NLRB Judge Orders Terex to Reinstate 13 Employees, Bargain with Union

A National Labor Relations Board (NLRB) administrative law judge virtually threw the book at a Grand Rapids, Minn., construction equipment firm for widespread labor law-breaking during a 2014 Boilermakers organizing drive.

Indeed, Terex’s violations were so bad that on June 11, Administrative Law Judge David Goldman ordered instant recognition and bargaining by the firm with the union, saying the union now represents the company’s undercarriage makers as well as its painters. 

And Goldman also ordered Terex to rehire 13 workers – including most of its painters – whom it illegally fired after the two NLRB-run elections among those groups in 2014.

Terex’s labor law-breaking included threats to close the Grand Rapids plant, and the immediate firing of many of the painters – and later firing of three more – the day after that group of workers voted 10-1 for the Boilermakers that April.  Terex’s violations are common nationwide, according to independent analysis of NLRB data.

Combined with other labor law-breaking, including violations included in a profanity-laced tirade by Plant Manager James DiBiagio against the union at a mandated meeting for all Terex workers, a fair and objective rerun election among the undercarriage workers was impossible, Goldman said.  The union had lost the first vote in that unit, 22-15.

“These violations were highly coercive and the type of unfair labor practices recognized by the board to be particularly likely to undermine the prospects for a future fair election,” Goldman said.  That led him to order Terex to recognize and bargain with the Boilermakers.

“Threats of job loss and plant closure are ‘hallmark’ violations, long considered by the board to warrant a remedial bargaining order because their coercive effect tends to ‘destroy election conditions, and to persist for longer periods of time than other unfair labor practices.’

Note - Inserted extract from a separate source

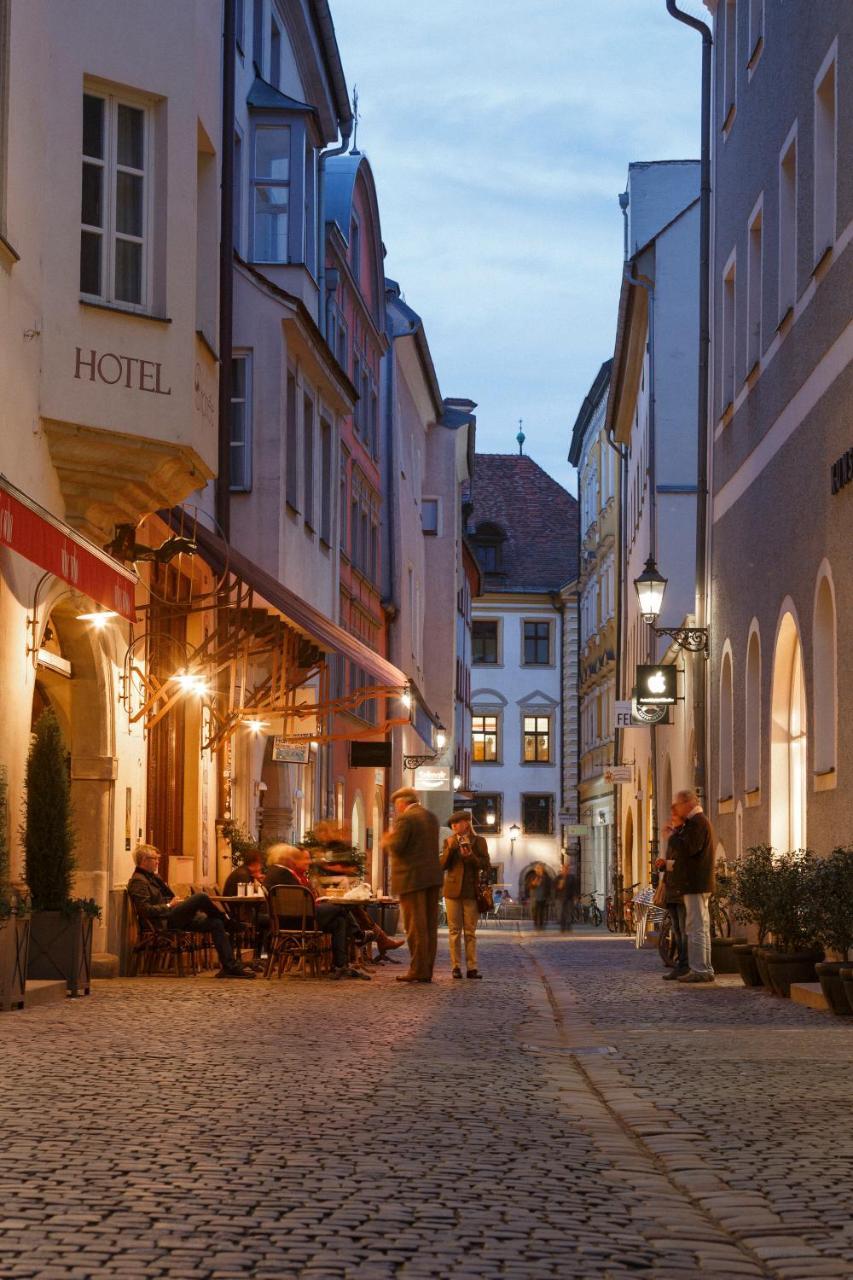 Hotel Orphee - Grosses Haus Regensburg Kültér fotó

“Such threats serve as an insidious reminder to employees every time they come to work that any effort on their part to improve their working conditions may be met with complete destruction of their livelihood…The unfair labor practices were made directly to all unit employees.  Moreover, the fact that the threats were made in the days before the election, and not weeks before, maximizes their coercive impact,” Goldman concluded.

“Due to the severity of the unfair labor practices, Judge Goldman agreed with the” NLRB’s general counsel, which prosecuted the case, that “a bargaining order was warranted, requiring Terex to recognize and bargain with the union as the assembly employees’ representative,” the agency said in a statement from its headquarters in D.C.

 NLRB issues such orders “in cases where a rerun election cannot be freely and fairly conducted due to the nature of unfair labor practices, such as employer threats of closure and illegal employee discharge.”  

Article by Mark Gruenberg, writer for Press Associates, Inc., news service.